It took filmmaker and digital effects maestro Nicholas Ashe Bateman five years to create the fantastical world of Anmaere, in which his debut feature, The Wanting Mare, is set. He also did it all almost entirely within the confines of a New Jersey warehouse. The dream-like, poetic result is an astonishing visual achievement, an example of what an artist lacking a Hollywood budget can conjure with sheer ingenuity. That said, some may find its impenetrable narrative and purposefully distancing nature irritating. There’s only so long one can stare at an abstract painting.
“…discovers a baby by the shore, which is followed by an intense, violent showdown…”

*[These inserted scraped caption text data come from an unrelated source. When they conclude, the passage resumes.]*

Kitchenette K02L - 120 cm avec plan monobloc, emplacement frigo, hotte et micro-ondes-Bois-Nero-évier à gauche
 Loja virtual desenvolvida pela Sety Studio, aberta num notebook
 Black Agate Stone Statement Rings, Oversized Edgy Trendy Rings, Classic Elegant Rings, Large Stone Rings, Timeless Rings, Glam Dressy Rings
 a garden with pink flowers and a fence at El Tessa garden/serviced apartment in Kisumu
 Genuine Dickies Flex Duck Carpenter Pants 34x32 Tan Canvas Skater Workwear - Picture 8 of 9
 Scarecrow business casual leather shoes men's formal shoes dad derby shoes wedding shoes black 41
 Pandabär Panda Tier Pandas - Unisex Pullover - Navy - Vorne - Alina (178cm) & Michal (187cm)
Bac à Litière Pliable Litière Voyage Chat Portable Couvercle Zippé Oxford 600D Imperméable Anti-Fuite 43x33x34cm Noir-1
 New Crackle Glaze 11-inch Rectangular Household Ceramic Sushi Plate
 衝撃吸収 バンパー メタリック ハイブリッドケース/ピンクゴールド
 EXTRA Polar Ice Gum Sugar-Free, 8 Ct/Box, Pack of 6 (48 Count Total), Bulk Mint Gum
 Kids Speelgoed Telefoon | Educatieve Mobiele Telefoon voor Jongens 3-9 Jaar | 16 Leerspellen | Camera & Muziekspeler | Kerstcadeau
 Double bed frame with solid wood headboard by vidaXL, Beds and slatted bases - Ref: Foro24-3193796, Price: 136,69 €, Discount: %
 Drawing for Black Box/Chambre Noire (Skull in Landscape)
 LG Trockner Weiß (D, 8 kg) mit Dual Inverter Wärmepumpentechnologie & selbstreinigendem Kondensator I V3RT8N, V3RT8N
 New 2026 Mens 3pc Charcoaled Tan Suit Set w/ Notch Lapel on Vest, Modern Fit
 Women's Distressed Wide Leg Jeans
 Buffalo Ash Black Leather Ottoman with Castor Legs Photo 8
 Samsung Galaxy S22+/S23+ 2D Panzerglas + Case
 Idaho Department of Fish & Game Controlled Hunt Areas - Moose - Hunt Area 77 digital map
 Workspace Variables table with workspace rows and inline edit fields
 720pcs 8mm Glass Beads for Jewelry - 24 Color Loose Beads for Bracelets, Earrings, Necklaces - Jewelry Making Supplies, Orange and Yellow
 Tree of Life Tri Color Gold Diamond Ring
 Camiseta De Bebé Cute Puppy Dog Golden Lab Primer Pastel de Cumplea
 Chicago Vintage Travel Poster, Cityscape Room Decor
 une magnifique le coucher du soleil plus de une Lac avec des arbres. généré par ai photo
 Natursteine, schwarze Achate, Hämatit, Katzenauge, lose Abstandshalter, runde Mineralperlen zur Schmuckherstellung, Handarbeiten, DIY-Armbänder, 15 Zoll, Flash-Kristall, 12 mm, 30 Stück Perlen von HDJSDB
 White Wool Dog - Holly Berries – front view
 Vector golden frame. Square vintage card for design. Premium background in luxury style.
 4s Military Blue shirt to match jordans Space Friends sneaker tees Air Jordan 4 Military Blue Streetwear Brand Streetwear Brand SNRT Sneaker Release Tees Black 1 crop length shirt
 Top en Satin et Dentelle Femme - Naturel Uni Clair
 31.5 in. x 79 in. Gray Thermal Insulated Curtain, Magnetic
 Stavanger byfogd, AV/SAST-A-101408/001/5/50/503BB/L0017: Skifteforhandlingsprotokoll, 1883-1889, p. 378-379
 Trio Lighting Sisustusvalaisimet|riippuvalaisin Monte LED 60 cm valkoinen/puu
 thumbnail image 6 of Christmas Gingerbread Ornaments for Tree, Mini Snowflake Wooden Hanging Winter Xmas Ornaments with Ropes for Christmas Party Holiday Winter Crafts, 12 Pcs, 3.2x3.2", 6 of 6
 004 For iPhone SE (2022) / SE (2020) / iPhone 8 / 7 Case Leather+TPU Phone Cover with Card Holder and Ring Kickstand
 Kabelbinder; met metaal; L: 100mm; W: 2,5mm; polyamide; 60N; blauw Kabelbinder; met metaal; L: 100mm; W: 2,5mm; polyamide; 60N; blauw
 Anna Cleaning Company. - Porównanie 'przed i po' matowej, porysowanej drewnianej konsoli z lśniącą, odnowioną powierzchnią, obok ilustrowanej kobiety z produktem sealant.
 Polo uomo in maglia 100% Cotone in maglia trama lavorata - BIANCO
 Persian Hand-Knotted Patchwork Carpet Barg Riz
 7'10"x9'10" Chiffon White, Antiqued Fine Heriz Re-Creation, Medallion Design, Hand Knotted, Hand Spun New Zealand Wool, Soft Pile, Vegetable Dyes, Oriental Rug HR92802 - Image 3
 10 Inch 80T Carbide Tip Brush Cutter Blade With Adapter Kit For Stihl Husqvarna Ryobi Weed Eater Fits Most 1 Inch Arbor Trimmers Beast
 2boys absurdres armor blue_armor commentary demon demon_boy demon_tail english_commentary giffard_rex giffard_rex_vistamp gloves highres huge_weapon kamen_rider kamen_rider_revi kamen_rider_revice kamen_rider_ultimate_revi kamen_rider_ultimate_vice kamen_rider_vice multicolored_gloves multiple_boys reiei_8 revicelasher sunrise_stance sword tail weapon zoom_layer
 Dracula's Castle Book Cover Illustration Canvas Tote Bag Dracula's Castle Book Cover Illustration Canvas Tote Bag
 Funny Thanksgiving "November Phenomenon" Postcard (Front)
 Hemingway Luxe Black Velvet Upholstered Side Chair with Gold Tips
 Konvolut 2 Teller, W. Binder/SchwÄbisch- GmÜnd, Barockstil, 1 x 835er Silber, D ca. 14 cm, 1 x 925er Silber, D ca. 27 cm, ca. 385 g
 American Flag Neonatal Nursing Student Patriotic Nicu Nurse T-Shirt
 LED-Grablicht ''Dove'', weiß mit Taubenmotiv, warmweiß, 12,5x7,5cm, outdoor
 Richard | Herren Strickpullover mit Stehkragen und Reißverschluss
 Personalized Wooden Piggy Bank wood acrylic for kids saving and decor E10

It all starts off compellingly enough. Once a year, the title card informs us, wild horses are brought across the ocean from the (post-apocalyptic? alien? fantasy? New Jersey?), boiling-hot city of Whithren to the wintry Levithen. The tickets for this annual journey are highly coveted and extremely rare. One of the folks who desperately wants a ticket is Moira (Jordan Monaghan). She dreams of Levithen, just like her mother used to, before dying during childbirth (it’s a dream that’s passed on through generations… or something). When she helps out the wounded thug Lawrence (Bateman), she promises to keep him safe in exchange for the ticket.
With me so far? This is where things start to get obscure. Our heroes fall in love. He then discovers a baby by the shore, which is followed by an intense, violent showdown to get the prized ticket. Just when the film prepares us for a dark crusade over a tumultuous sea, or perhaps a crisis wherein our heroes end up hunted, or some sort of spiritual journey of existential discovery, it jarringly cuts to over three decades into the future. We’re at minute 30 here. Ballsy move, Bateman.
"…there’s only so long one can stare at an abstract painting."